First up, a representative of a branch of CUPE civic workers with serious questions about transparency. The budget proposal has been drawn up absent public scrutiny and, according to CUPE, contains confidential documents about cuts to staff and services that won’t be released until after the budget has been passed by council in April. For CUPE, this is not participation. It is rear-guard reaction to a done deal.

It’s hard to argue with this point as the afternoon unfolds. What kind of impact will a string of 5 minute presentations before the 7 members of the budget committee and a smattering of other councilors have on the final budget? A cynic might call it little more than an exercise in political theatre. Yet compared to the federal budget coming down at us this week that’s been drawn up in the darkness of a prorogued parliament, these public deputations represent the height of inclusive and participatory democracy.

The comparison is even more apt given what we witnessed during the course of our stay in the chamber’s peanut gallery. Our impression of the proceedings was one of a city council desperately trying to hold together the fraying fabric of the social safety net shredded to pieces by big ticket decisions made at Queen’s Park and in Ottawa. It was no longer a question of attempting to save everyone at risk from falling through the cracks but simply minimizing the number who do.

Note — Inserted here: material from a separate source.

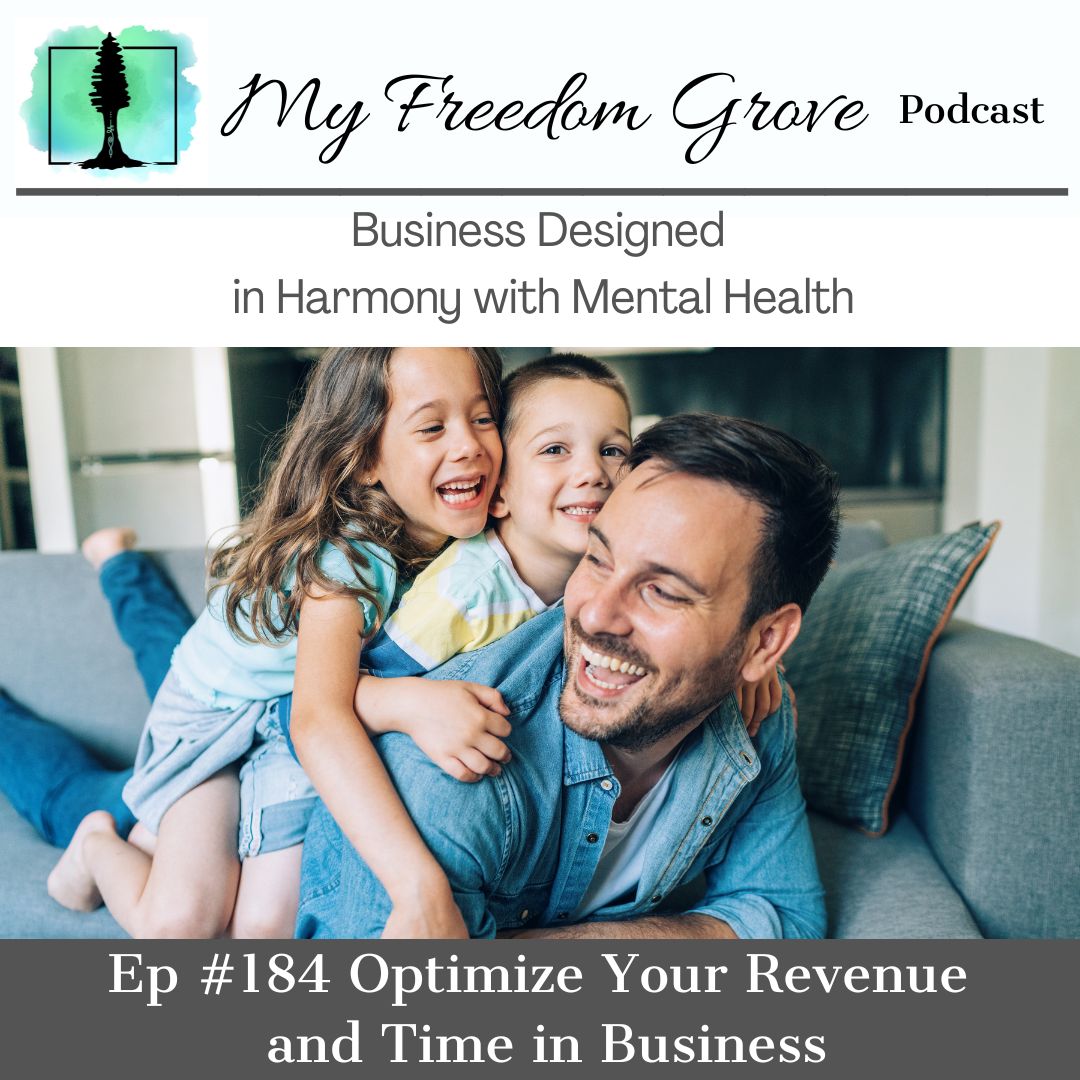 Episode #184 Optimize Your Revenue and Time in Business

Child care advocates were out in full force, alarmed by the budget committee’s proposal to end council’s coverage of the rent for child care spaces in Toronto District School Board properties. This would be catastrophic for many low income households, we are told, while also deepening the city’s budget crisis as it would send parents back out of the workforce and onto social welfare rolls. Budget chief Shelley Carroll and councilor Janet Davis tried explaining that their computations were such that only full pay parents would be forced to pay more for their childcare and only then some $2+ per child per day.

Oddly enough (or maybe not) the male councilors present kept silent, asking no questions nor offering any answers on the childcare matter. Or maybe they were still a little gun shy about over-stepping decorum with the budget chief’s instructions still fresh in their minds because they were none too interactive with the other deputations either. Youth at risk programs. Social housing and homelessness. Children’s Aid. Marginalized communities and groups all facing even more dire straits with the inevitable belt tightening that’s in the offing with the proposed budget.

It was unfortunate that we didn’t catch sight of either George Smitherman or Rocco Rossi present while we were there. (Although we will give a shout out to Sonny Yeung, All Fired Up in the Big Smoke’s first Meet A Mayoral Candidate profile, who was dutifully in attendance.) It might’ve been instructive for Mssrs. Smitherman and Rossi to hear firsthand the possible results of their fervent dedication in finding “efficiencies” at City Hall. But this afternoon, clearly, council chamber was not filled with their crowd.

Those folks were out at Monday night’s meeting. Overburdened taxpayers, business owners and radio show host John Tory (doing his schtick from the City Hall rotunda) listeners gave their own deputations, imploring the city to reign in out of control spending or else face capital flight and economic collapse. This was the too much group. Too much was being asked of them to keep the city running. Tuesday afternoon was the too little group. The city was providing too little for them to survive.

This is the balancing act city council’s now attempting to pull off. Appeasing the solid middle and upper classes may lay waste to the growing number of have-nots we share the city with. Caving into the special interests of the less fortunate will send home owners and businesses heading to the hills of more tax friendly jurisdictions. Depending on what tipping point you think we’re poised upon (and every year come budget time, we seem poised on a tipping point) will determine the deputation you want to deliver even if it’s all just for show.